■ What needs to be done: Print the listing below only from the line that has "KB5073722 — January" through the line that has "Perspective Chuns Pink", exactly, and drop any picture.

[Given records]

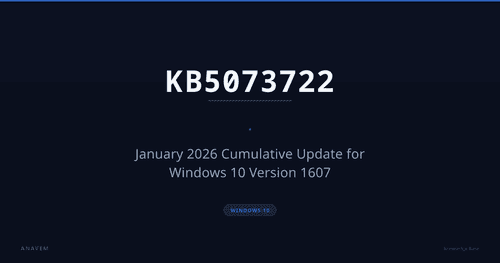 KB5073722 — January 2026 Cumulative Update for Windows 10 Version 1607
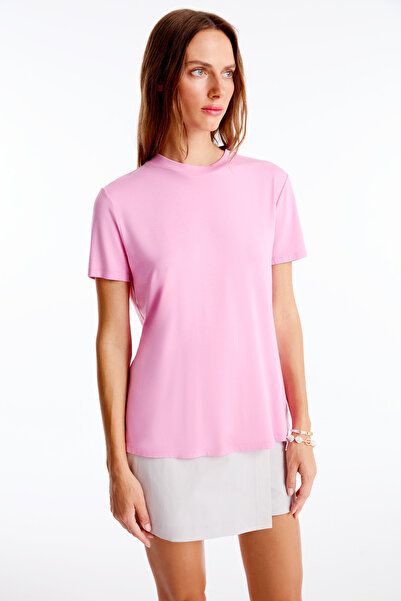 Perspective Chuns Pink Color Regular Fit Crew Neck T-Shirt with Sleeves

[/Given records]
[Given records]

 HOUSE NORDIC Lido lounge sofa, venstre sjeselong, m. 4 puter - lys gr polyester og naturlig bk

[/Given records]

■ Response to the task:
 KB5073722 — January 2026 Cumulative Update for Windows 10 Version 1607
 Perspective Chuns Pink Color Regular Fit Crew Neck T-Shirt with Sleeves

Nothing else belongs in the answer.